In 1825, the distillery was built by John MacDonald who is said to have been a strong man who once saved his invalid brother Archibald from being attacked by a bull while crossing a field on his crutches. John ran to the rescue, literally grabbing the bull by the horn, twisting its head and dislocating its neck. Undoubtedly it is auspicious to offer a toast with what has come to be known (and marketed) as "Long John's Dew of Ben Nevis" in hopes of favorable weather.
Disappointment over our aborted hike didn't last long upon reaching the Cuillin Mountains on the Isle of Skye. The jagged, gabbro peaks of the Cuillins are the most challenging mountains in Scotland. They can be seen from most vantage points around Skye and beautiful views are to be had from afar and atop. We chose Bruach Na Frithe (BROO-ach na FREE-ha), which means "slope of the forest," for our hike and left from Sligachan (SLEG-a-han) mid-morning for a full day of soulful Scottish hillwalking.

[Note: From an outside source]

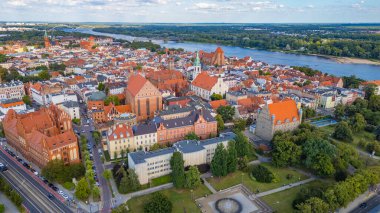 Eski Torun, Poland.IMAGE 'ın Panorama manzarası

Most ascents in the Cuillins are a scramble to the top, and the Inaccessible Pinnacle calls for rock climbing. Hiking here is a more serious undertaking than most of the Munro peaks on the mainland. Sir Hugh T. Munro, an early member of the Scottish Mountaineering Club, compiled a list of Scottish Mountains over 3,000 ft. and published the Munro Tables in 1891. His guidebook has been edited in the last 100 years based on revised height measurements. "Munro bagging" has evolved as more zealous hillwalkers seek to reach all 284 summits. Though sometimes the butt of jokes, Munro bagging is nonetheless a formidable accomplishment.
But not all the 3,000 foot high mountains in Scotland are Munros. Munros are defined as distinct, separate mountains. "Tops" are also over 3,000 feet, but the difference is based on the drop in height and the distance between adjacent summits. One might hike to the summit of a Top on the way to a Munro, for instance, or even bag more than one Munro on the same ridgeline, but these categories are an attempt at bringing some order for summit-seekers into high peaks that are clustered together.

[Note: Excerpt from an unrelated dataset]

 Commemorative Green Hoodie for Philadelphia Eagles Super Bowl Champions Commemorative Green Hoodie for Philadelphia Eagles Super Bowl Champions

We began our hike to Bruach na Frithe on a private road that turns into a well marked trail following the Allt Dearg Mor (owlt FERR-ak moar), "Little Red Stream," through grassy lowlands. The terrain is treeless with patches of stone scattered throughout. As we approached the top of a small pass, the path to Bruach Na Frithe split off at a fork and we ascended along the northwest slopes of the Fionn Choire (Fyoon-Chorra), "fair corrie," a smooth grassy meadow at the base of an enchanting cirque of peaks.
Visibility was splendid so we chose to head up the crest of the north-west ridge. The ridge begins with a broad low-angled section and narrows toward the summit into a high 4th-class scramble. The last hour of hiking kept our hearts pumping as the ridge grew steeper and more narrow and the spectacular view on the other side unveiled itself the higher we went.

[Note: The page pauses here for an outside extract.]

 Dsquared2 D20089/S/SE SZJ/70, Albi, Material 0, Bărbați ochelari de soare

Soon, breathtaking views of some of the most prominent peaks practically smacked us in the face. Sgurr nan Gillean (skoor nan GEEL-yan), "peak of the gullies," and Am Bastier (am BASH-tyir), "The Executioner," were just to the west as if you could touch them and the sea and Outer Hebrides islands loomed in the distance beyond the peaks. To the south, more mountains drop to the shoreline and it's said that you can see Ireland on a clear day, but this view was obscurred by clouds to our south. We would end up paying homage with pints of Guinness at Seamus Bar in Sligachan at the end of the day.